> [Exercise data]

========================================

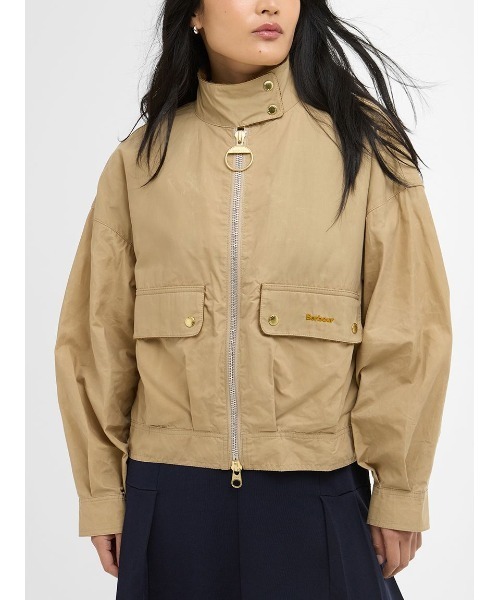 Barbour（バブアー） ブルゾン アウター Blackthorn ショート丈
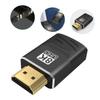 Homoyoyo Male to Female Adapter Monitor Connector Extension Converter for Tv and Display Shell Design for Optimum Signal Transfer Long Distance Usage view 2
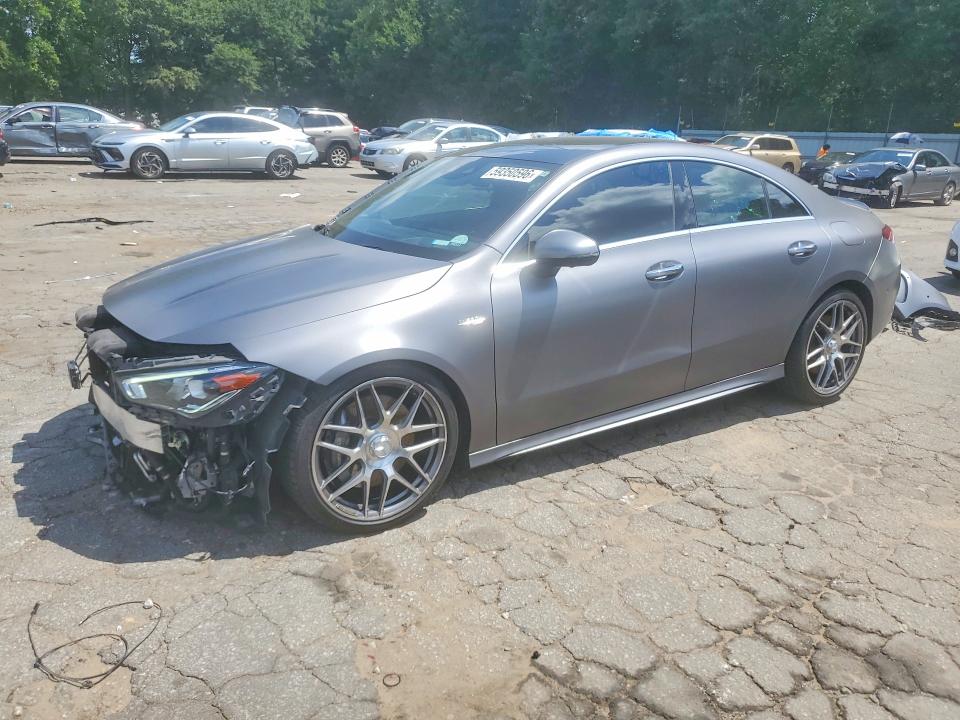 Aukcja sprzedaży 2021 Mercedes-benz Cla, vin: W1K5J5DB6MN170082, numer aukcji: 59350596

========================================

Except for the pictures, copy the material above exactly.

 Barbour（バブアー） ブルゾン アウター Blackthorn ショート丈
 Homoyoyo Male to Female Adapter Monitor Connector Extension Converter for Tv and Display Shell Design for Optimum Signal Transfer Long Distance Usage view 2
 Aukcja sprzedaży 2021 Mercedes-benz Cla, vin: W1K5J5DB6MN170082, numer aukcji: 59350596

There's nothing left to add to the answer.